• SUPPLIED DATA:

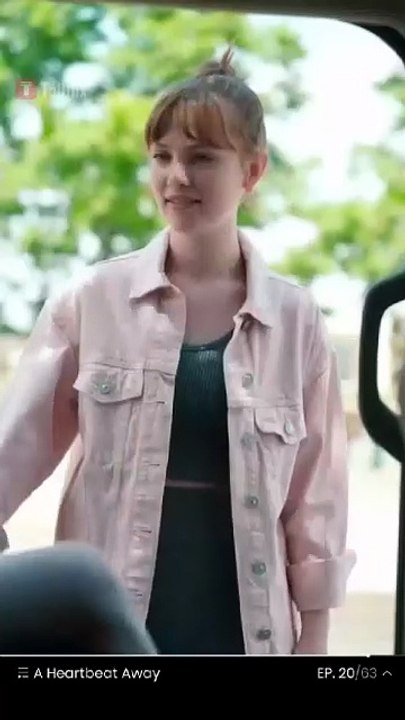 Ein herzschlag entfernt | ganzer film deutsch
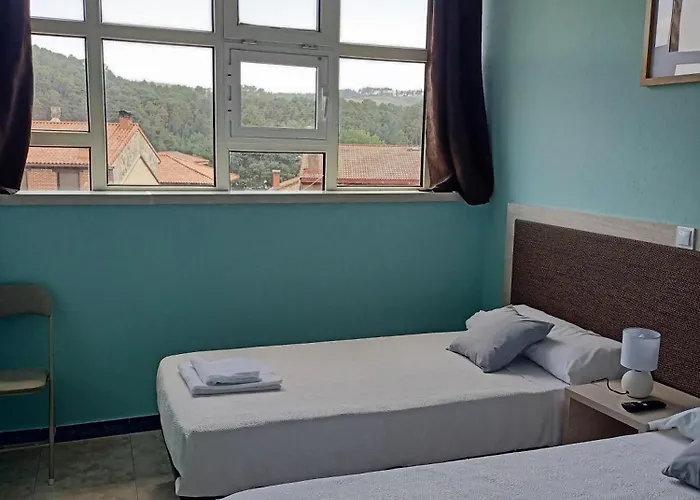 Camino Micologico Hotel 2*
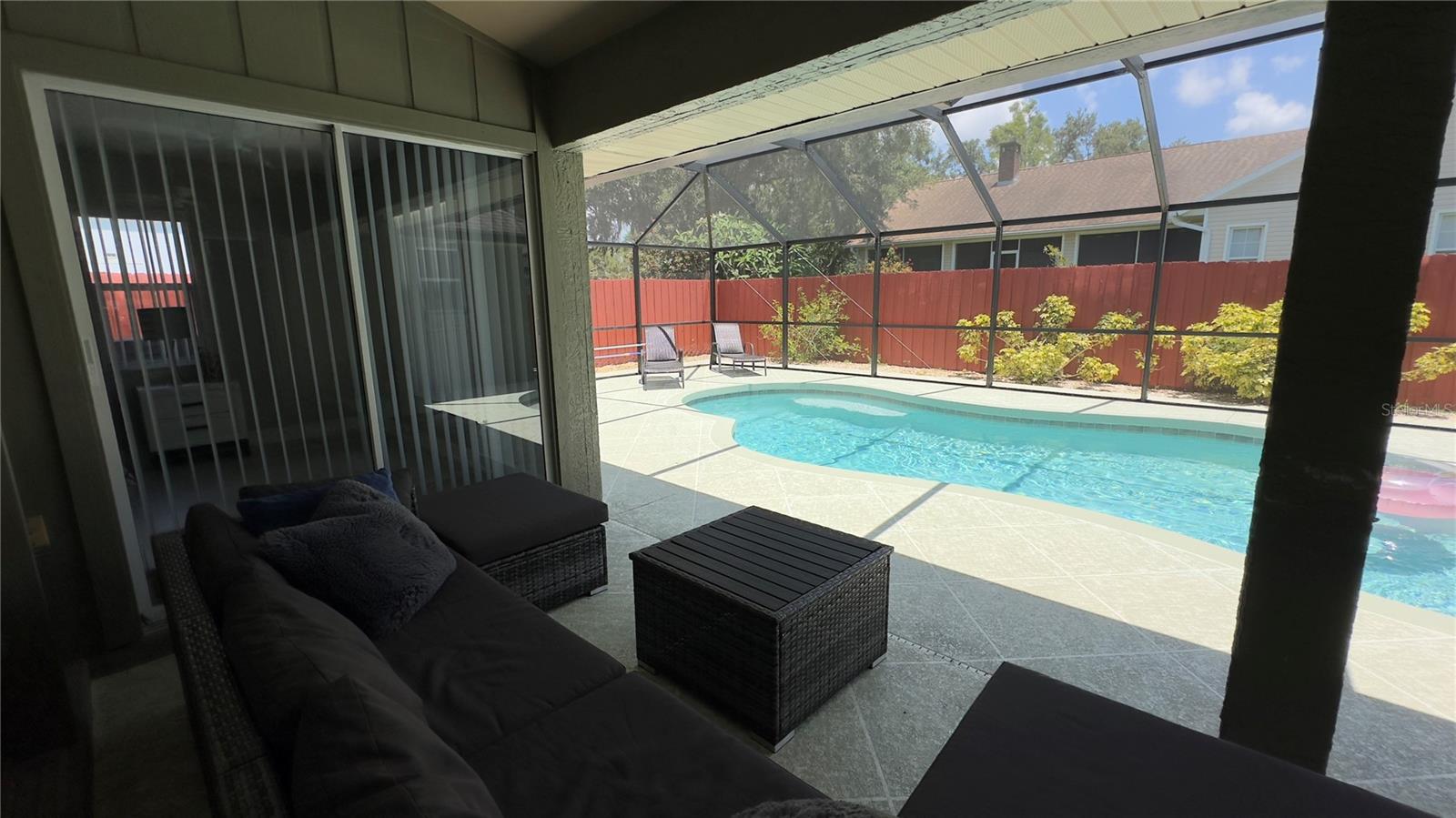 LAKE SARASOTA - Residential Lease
...
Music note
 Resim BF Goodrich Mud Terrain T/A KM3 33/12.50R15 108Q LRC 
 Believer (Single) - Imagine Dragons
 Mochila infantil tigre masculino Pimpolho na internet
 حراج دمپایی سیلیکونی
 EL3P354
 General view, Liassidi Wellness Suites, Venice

• PROBLEM: Reproduce the lines above starting at the one with "Ein herzschlag entfernt" and ending at the one with "LAKE SARASOTA - Residential Lease", both included, exactly and with no pictures.

• WORKED SOLUTION:
 Ein herzschlag entfernt | ganzer film deutsch
 Camino Micologico Hotel 2*
 LAKE SARASOTA - Residential Lease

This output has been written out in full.